La couleur, un langage affirmé
Tout d’abord, l’exposition met en relief la place croissante de la couleur dans la pratique de Raymond Depardon dès les années 1960, au moment où les magazines utilisent de plus en plus ce procédé pour leurs couvertures. Il travaille alors avec deux boîtiers argentiques. L’un chargé en noir et blanc pour le reportage, l’autre en couleur pour tenter d’obtenir la « une ».
Peu à peu, cette pratique devient un véritable choix artistique. « À la chambre photographique comme au Rolleiflex, Depardon utilise la couleur pour observer la lumière, documenter les paysages du quotidien et saisir la présence humaine dans les lieux les plus ordinaires. La couleur devient ainsi un langage autonome », indique Marie Perennès, l’une des commissaires de l’exposition.
Les séries La Terre des Paysans, La Datar ou encore Glasgow montrent cette évolution. La couleur contribue directement à la construction de l’image. En observant des lieux ordinaires, il accorde une attention précise à la lumière comme à Glasgow, où « la lumière était si douce », a confié Raymond Depardon à la presse lors de l’inauguration de l’exposition le 3 décembre.
Couvrir l’événement
Extrême Hôtel réserve une grande part à la carrière de photo-reporter de Depardon, à travers une sélection de coupures de presse et de tirages couleur issus de ses archives. Le visiteur retrouve ses reportages sur les Jeux Olympiques, la guerre du Liban, l’affaire Françoise Claustre ou les voyages du pape Paul VI. Cette partie montre comment la couleur intervient également dans le traitement des événements historiques. Ici, l’humain est au centre qu’il soit athlète, reine d’Angleterre, Richard Nixon ou anonyme. Ils apparaissent dans des situations où se mêlent tension, attente, ou moments de relative normalité malgré le contexte.
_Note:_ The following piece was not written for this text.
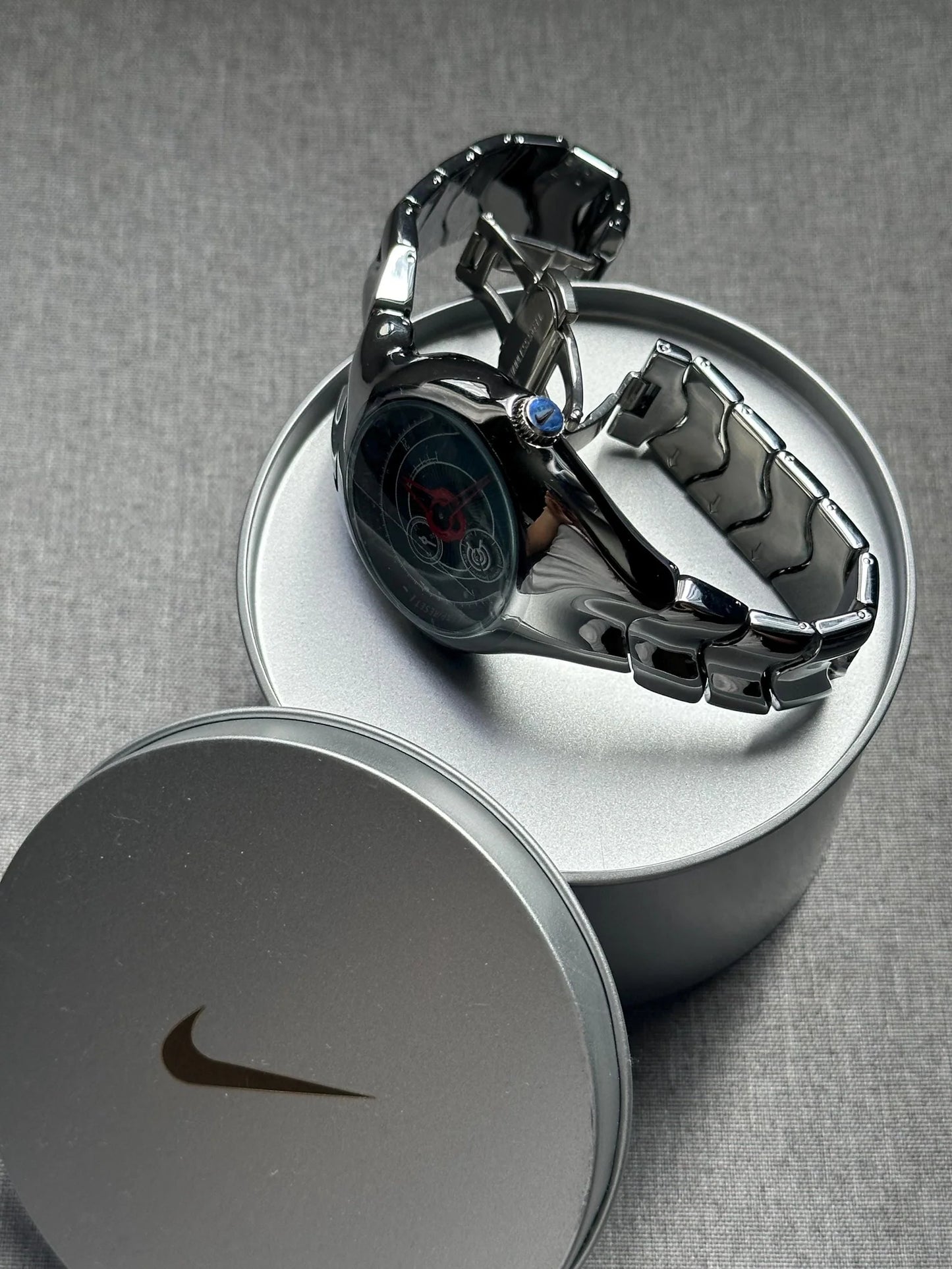 Nike Triax Chronograph Watch Silver Red Dial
L’errance, un mode de travail
« La couleur est la métaphore de la curiosité », philosophe Raymond Depardon en parcourant plusieurs salles où s’exposent les images issues de ses déplacements. Des errances réalisées sans commande précise, notamment à Carthagène, Tokyo, en Méditerranée ou autour de l’hôtel d’Addis-Abeba, en Ethiopie, qui donne son titre à l’exposition. Il s’agit de photographies prises lors de marches, de retours sur d’anciens lieux de reportage ou de simples déambulations.
Dans son objectif, Depardon privilégie des rues, des façades, des silhouettes en mouvement, des objets du quotidien. Il capte des situations humaines dans leur dimension la plus simple dans une ambiance urbaine ou rurale. C’est ainsi qu’est dévoilée au public pour la première fois, la série USA, où son regard se pose sur l’Amérique intermédiaire, celle des stations-services et des restaurants de bord de route.
Le fonds Depardon - Nougaret
Pour prolonger l’exposition du Pavillon Populaire, le musée Fabre présente un accrochage inédit, conçu à partir de la donation exceptionnelle que le photographe et son épouse Claudine Nougaret ont remise au musée en 2023. Près de 200 tirages issus des séries Rural, Son œil dans ma main et Communes y sont réunis, offrant un panorama synthétique de son regard sur les territoires, les paysages et les relations humaines. Ce fonds marque l’intégration durable de la photographie dans les collections permanentes du musée Fabre.
La Ville de Montpellier a profité des travaux de l’esplanade Charles-de-Gaulle pour rénover le Pavillon Populaire, fermé huit mois. Les interventions ont porté sur l’accessibilité, la performance énergétique et la mise en valeur du bâtiment. Le perron ouest a été reconstruit, un cheminement adapté facilite l’accès, et les équipements intérieurs ont été modernisés. Le Pavillon est aussi raccordé au réseau de froid métropolitain et bénéficie d’un nouvel éclairage architectural.